On peut dormir, Jésus, notre frère, est ici.

Il est à nous, et toutes ces bonnes choses aussi :

La poupée merveilleuse, et le cheval de bois,

Et le mouton sont là, dans ce coin tous les trois.

Et nous dormons, mais toutes ces bonnes choses sont à nous !

Les rideaux sont tirés… Là-bas, on ne sait où,

Dans la neige et la nuit sonne une espèce d’heure.

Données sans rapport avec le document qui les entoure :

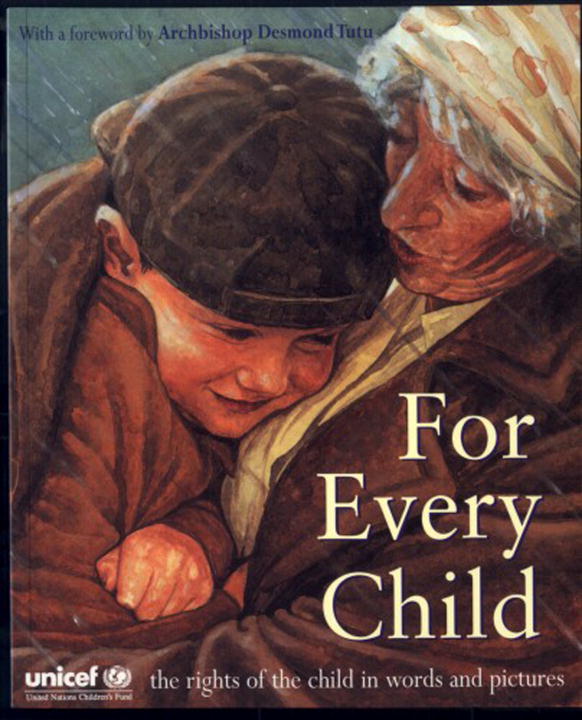 For Every Child - Agricola Street Books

L’enfant dans son lit chaud comprend avec bonheur

Qu’il dort et que quelqu’un qui l’aime bien est là,

S’agite un peu, murmure vaguement, sort le bras,

Essaye de se réveiller et ne peut pas.

Délicatesse de l’enfant que rappelle Noël et vers lequel tendent les adultes. Délicatesse de ces doux moments où même les conflits dans les pays en guerre semblent s’arrêter. Prague offre son canard rôti, ses vins de Bohème, ses bières légères, blondes ou brunes, ses innombrables recettes de choux. À U Kalicha, on peut déguster une immense assiette du Père Joseph, l’empereur Joseph, composée de charcuteries nombreuses. On peut aussi y demander un demi cochon de lait rôti, juste à point, avec la couenne subtile et la chair encore douce. On peut y boire des bières légères et volatiles, qui accompagnent merveilleusement la charcuterie, et on peut surtout y écouter les musiques de Bohème, et y voir les danses des artistes qui y viennent.

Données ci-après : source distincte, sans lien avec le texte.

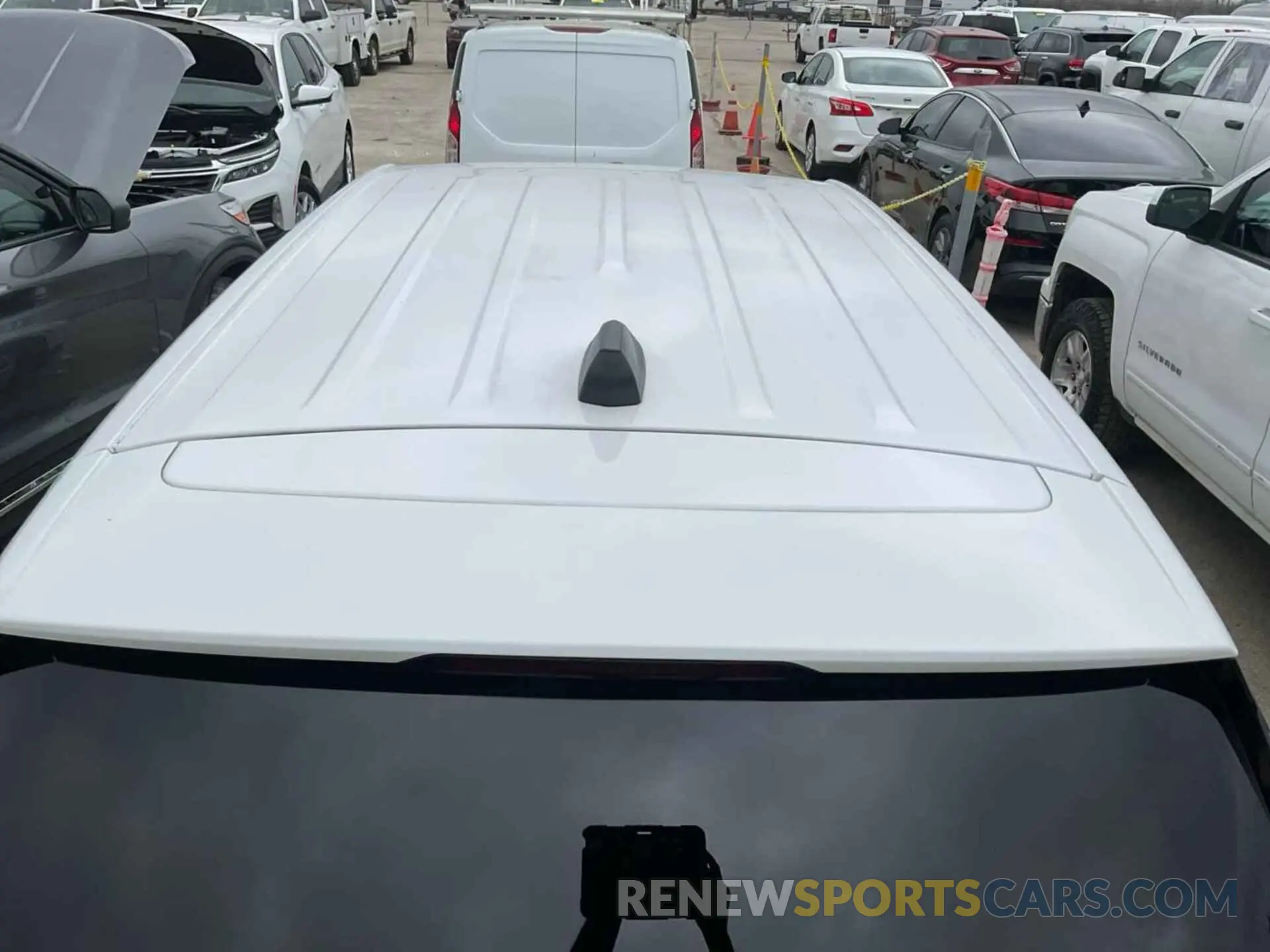 13 fotografías del automóvil dañado 3GNAXJEGXPL127774 CHEVROLET EQUINOX 2023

Cela réchauffe de l’hiver piquant et du froid qui ne cesse de grandir au-dehors. L’hôtel peut-être loin, à U Kalicha, qui reprend l’histoire du brave soldat Chvéïk qui a vécu dans cette ville de Prague pendant la Première Guerre mondiale, à l’époque de l’Empire finissant, tous les lieux se retrouvent, tous les temps. La Bohème est une grande terre littéraire, et dans ce restaurant de Prague, on peut mêler la chair, la bière, les mots. Les pays gastronomiques sont aussi des pays de lettres, pensons à l’Espagne, l’Italie, l’Irlande et la Russie. C’est au tour de la table que les meilleurs livres se font, ou bien en pensant à la table. Il faut de l’huile pour faire des livres, et aussi du vin et du contenu. Les lettres sont le symbole de la vie, tout comme la table, et il devient impossible de penser à la table en omettant la littérature.
En suivant ces pas, le guide Michelin est tout autant un guide culinaire que littéraire, et les recettes de cuisine deviennent des poèmes. De la verve, de la couleur, c’est tout ce que l’on retrouve dans les fourneaux et dans les bibliothèques. Que l’on pense à la tirade de Cyrano sur les brioches et les boulangers. Après nous avoir servi son nez et son panache, il nous sort son brio.

À Prague, capitale européenne de l’Europe danubienne, de cette Europe centrale qui a tout autant fait l’Europe que la latine, la germaine ou la saxonne, les mets recouvrent les restaurants, les cafés, les bars, ces lieux de vie où la mort passe, où les hommes s’écoulent. La littérature étant aussi la vie, il est normal qu’on la croise dans les traverses et les ruelles.

À Prague, on retrouve Apollinaire s’extasiant devant l’horloge hébraïque qui fonctionne à rebours. On croise Kafka, et avec lui la destruction d’une certaine idée de l’intelligence. On rencontre les intellectuels juifs, dont beaucoup ont les noms qui s’égrènent sur les murs de la synagogue mémorial de l’Holocauste. Là où surgit l’intelligence, là frappe la mort, car les forces destructrices haïssent la vitalité et l’innovation. La table devient le lieu de résistance des peuples, par les plats nationaux que l’on peut consommer, par les histoires de racines et de terroirs que l’on s’y raconte, et aussi parce que la table est subversive, et que les cœurs et les âmes se libèrent des oppressions.

Le Printemps de Prague s’est d’abord éveillé autour d’une table, autour d’un verre. Ce sont les lieux constants de la liberté et de la créativité humaine, les lieux de la connaissance et de l’inventivité. C’est aussi pour cela que les totalitarismes veulent les abattre. Et Paul Claudel, homme de goût, homme de lettres, homme de chair, ne s’y est pas trompé en décrivant l’Enfant Jésus de Prague, pour ajouter des vers à l’esprit et de l’intelligence à Dieu ; pour apporter une nouvelle touche à l’art et à la création.